The editorial’s focus is exactly what is incorporated in my new bill, House Bill 483, Extreme Risk Protective Order, which will be heard today, Monday, March 5, in the Utah House Judiciary Committee. Although the 2018 Legislature adjourns at midnight Thursday, there’s still time to get this bill through and provide law enforcement and the public a procedure through due process to remove guns from persons experiencing mental crises. I expect that there is a lot of support, and there should be.
To be clear, I own guns and have a concealed carry permit, although I have never carried. I have hunted and plinked most of my life and I enjoy the heft and feel of a rifle or pistol in my hands.
My wife and I have six children and never worried about sending them off to school and whether or not they would return. But times have changed, and not for the better. Now we have 15 grandchildren and their parents, our children and their spouses, are fearful. Could what has happened in Parkland, Florida, and Sandy Hook, Connecticut, happen in Sammamish, Washington, Cedar Falls, Iowa, or Millcreek or West Bountiful, Utah? Fortunately, we don’t know the answer and hope and pray we will never have to find out.
When my daughter called frantically to say, “Dad, what are you going to do?” it hit me hard. That’s when I discovered that five other states have enacted these extreme risk laws, sometimes called gun violence restrictive orders, and began my effort. Eighteen other states, now including Florida, are working on these measures at present.
Essentially, the law will bridge what’s already in effect for a protective order. Under due process, a person can petition the court for their safety when someone makes threats and has access to firearms. This happens fairly frequently, and we’ve all heard of situations when it was too late to intervene.
The measure I am sponsoring bridges that gap but uses the same steps in due process. If a person makes documented threats to others or himself or herself, a petition can be made, a judge reviews the evidence and the extreme risk protective order is either granted or denied. If accompanied by clear and convincing evidence, the court may grant an order that prohibits the person from owning, purchasing, possessing or receiving firearms, as well as having guns his or her custody or control. A hearing must be held within 20 days. If granted, the firearms must be surrendered for up to 20 days and another hearing is set.

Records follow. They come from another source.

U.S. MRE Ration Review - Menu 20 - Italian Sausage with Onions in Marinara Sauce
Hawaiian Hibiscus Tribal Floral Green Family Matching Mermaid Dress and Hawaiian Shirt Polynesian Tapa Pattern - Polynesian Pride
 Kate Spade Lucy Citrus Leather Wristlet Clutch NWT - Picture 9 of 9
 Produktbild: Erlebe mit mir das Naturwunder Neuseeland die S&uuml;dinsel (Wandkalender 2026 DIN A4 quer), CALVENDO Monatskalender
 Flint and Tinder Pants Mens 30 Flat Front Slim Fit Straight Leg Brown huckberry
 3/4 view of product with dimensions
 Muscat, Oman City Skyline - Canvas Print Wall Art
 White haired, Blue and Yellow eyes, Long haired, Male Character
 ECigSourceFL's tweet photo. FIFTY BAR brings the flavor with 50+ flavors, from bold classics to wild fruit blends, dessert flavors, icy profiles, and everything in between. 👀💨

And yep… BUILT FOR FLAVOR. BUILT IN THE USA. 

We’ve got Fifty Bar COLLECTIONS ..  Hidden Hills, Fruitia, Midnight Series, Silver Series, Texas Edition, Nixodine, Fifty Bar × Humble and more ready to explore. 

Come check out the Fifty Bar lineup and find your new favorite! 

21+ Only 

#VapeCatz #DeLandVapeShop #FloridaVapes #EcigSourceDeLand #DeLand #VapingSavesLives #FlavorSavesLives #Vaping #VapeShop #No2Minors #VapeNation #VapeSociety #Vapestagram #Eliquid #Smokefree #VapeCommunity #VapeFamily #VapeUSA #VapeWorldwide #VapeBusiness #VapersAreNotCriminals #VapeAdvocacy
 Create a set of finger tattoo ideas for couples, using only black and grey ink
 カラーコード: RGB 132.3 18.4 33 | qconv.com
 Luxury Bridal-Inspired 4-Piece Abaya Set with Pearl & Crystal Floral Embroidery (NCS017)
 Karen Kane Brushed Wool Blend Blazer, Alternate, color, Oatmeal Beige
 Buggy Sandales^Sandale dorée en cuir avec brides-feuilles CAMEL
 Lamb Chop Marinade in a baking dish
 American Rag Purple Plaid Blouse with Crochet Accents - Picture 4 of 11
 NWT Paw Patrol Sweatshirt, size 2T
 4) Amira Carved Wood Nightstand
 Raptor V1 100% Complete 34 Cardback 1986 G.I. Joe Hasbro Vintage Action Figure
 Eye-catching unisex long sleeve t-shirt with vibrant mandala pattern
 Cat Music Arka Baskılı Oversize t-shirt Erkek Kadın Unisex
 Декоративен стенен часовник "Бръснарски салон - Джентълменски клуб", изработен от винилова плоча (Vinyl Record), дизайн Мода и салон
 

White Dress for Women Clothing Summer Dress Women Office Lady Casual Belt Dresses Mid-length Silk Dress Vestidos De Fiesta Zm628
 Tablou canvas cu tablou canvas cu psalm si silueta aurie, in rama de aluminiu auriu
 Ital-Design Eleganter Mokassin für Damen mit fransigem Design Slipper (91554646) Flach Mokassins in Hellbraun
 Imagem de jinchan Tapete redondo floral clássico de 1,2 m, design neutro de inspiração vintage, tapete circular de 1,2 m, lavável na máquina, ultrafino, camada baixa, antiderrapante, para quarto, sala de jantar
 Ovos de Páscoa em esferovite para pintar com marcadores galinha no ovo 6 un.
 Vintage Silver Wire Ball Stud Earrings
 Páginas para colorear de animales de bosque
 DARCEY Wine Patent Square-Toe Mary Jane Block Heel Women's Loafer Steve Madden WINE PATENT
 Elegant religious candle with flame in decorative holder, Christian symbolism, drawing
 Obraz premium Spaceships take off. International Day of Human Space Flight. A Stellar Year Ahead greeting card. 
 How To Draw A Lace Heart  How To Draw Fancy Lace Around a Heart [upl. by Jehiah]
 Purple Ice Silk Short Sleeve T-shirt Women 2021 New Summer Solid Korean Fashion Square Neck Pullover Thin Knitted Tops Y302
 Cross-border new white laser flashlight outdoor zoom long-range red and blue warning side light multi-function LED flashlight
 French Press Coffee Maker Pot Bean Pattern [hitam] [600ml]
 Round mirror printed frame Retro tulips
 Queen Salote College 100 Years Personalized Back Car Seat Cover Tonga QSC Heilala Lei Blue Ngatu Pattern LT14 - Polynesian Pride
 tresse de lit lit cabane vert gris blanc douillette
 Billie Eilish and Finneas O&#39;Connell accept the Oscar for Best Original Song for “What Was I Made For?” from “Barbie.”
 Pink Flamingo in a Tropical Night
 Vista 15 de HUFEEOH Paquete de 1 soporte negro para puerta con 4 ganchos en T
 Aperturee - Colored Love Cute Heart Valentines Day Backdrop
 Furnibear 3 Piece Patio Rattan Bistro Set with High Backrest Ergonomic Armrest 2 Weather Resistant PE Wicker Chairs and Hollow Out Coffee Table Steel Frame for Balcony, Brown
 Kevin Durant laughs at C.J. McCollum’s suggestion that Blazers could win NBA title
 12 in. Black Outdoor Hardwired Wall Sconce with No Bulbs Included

Another provision of the bill would allow law enforcement to act more quickly if a district court judge issues a warrant because it is deemed the situation is likely to escalate out of control and the 20-day option is too slow.
I’ve been asked, “What about false claims?” Again, that is covered under the protective order statute. The person making the complaint is subject to felony prosecution if the claim is proven to be false.
I believe this is a common-sense approach that respects a person’s constitutional rights and still maintains public safety.
And as I’ve been saying, please let’s make this conversation more about public safety and mental health than about guns.
I’m on the same page as Ivy Rose Stuart, a senior at Ben Lomond High School quoted in a Standard-Examiner front-page story on Feb. 26: “We’re not trying to get rid of guns, we’re just sick of seeing kids die.”
Please contact your legislators and tell them HB 483 makes good sense for Utah.